Sunday, October 16, 2016

Fascinating peek into early 1970s world of Long John Nebel

I'm about a third of the way through Long John Nebel: Radio Talk King, Master Salesman, and Magnificent Charlatan, a biography by Donald Bain that was published in 1974.

So far, to be honest, it's not very interesting. The book has been dominated thus far by the "salesman" portion of Nebel's life. That's not what I came to the book wanting to read about. I'm more interested in his many years as an overnight radio talk-show host who dabbled in bizarre and paranormal topics, bonded with Jackie Gleason, and influenced the likes of Art Bell.

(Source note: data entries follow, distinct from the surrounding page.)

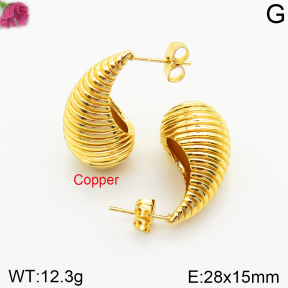 Fashion Copper Earrings  F2E200434vbnb-J131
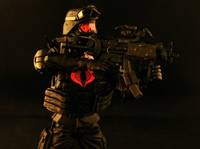 Cobra Shock Trooper Poc (G.I. Joe) Custom Action Figure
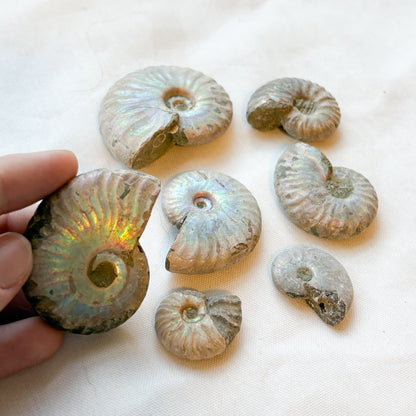 Whole polished silver ammonite shell crystal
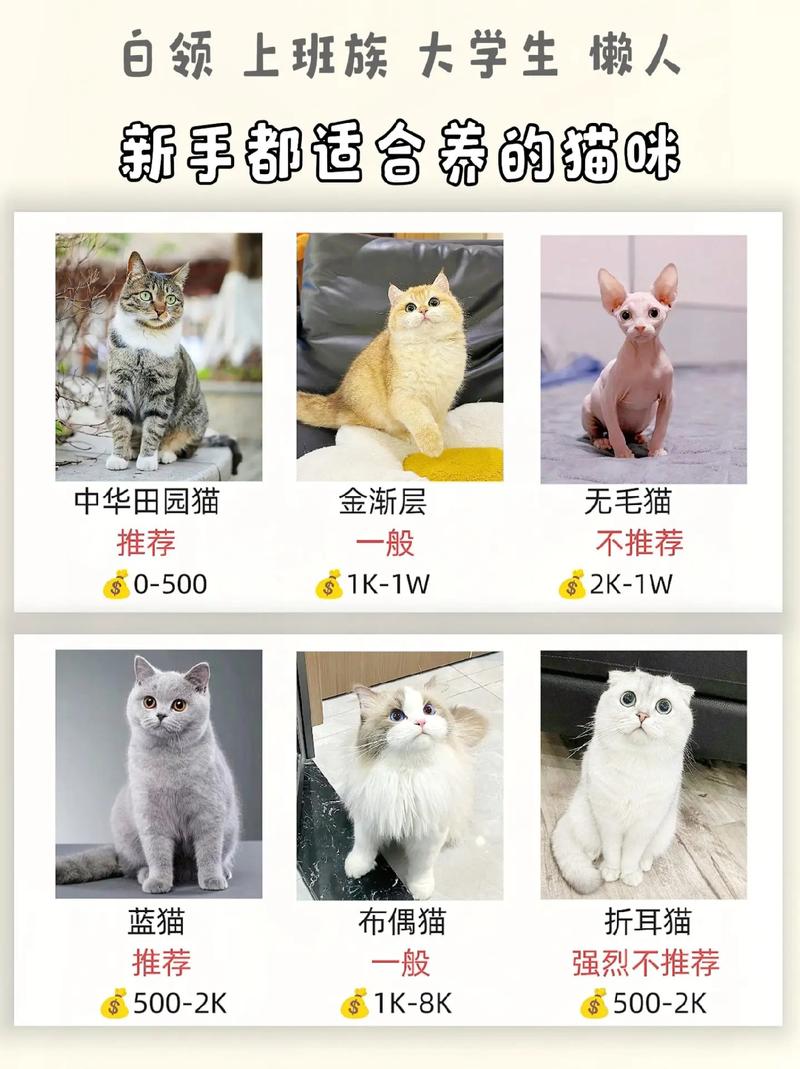 小猫咪要怎么养,小猫咪要怎么养才能长大?-第5张图片-后鲨宠物 小猫咪要怎么养,小猫咪要怎么养才能长大?-第5张图片-后鲨宠物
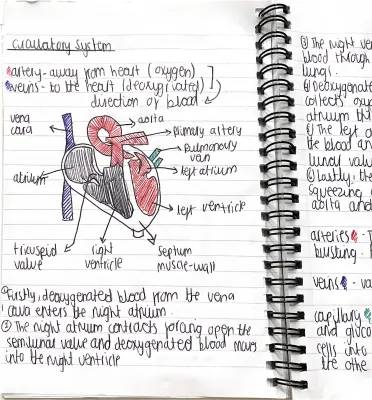 How Blood Travels: From Heart to Lungs and Back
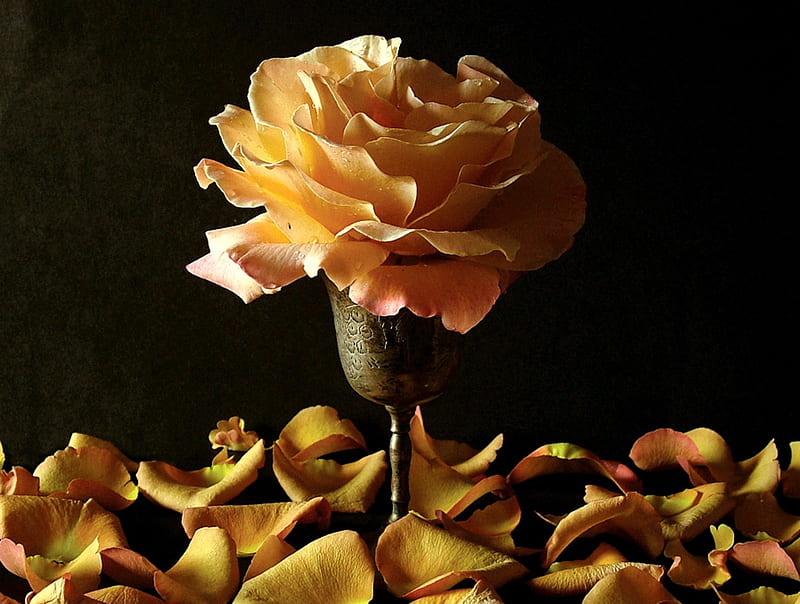 Single Rose, still life, rose petals, rose, flower, petals, chalice, HD wallpaper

The best part of the book so far has been the opening section, which describes Nebel's whirlwind marriage to Candy Jones and his home and lifestyle in early-1970s Manhattan. (Nebel died of cancer in 1978 at age 66.)

These are some of contents of Nebel's cluttered apartment on Manhattan's East Side, as detailed by Bain:

  • massive professional tape machines
  • a Musser vibraphone
  • expensive stereo equipment
  • books stacked in every room and corner, including the hallways
  • guitars
  • banjos
  • magazines
  • top-of-the-line cameras, never used2
  • thousands of record albums
  • multiple telephones
  • multiple answering machines
  • machines for taping phone calls
  • telephones that automatically dial when a pre-punched card is inserted3
  • automatic clothes presser
  • portable TV
  • radios
  • six bedroom copies of Overcoming the Fear of Death by Dr. David Cole Gordon

The living-room furniture consisted of "a couch, some chairs, and a few tables," none of which were accessible because of all the stuff.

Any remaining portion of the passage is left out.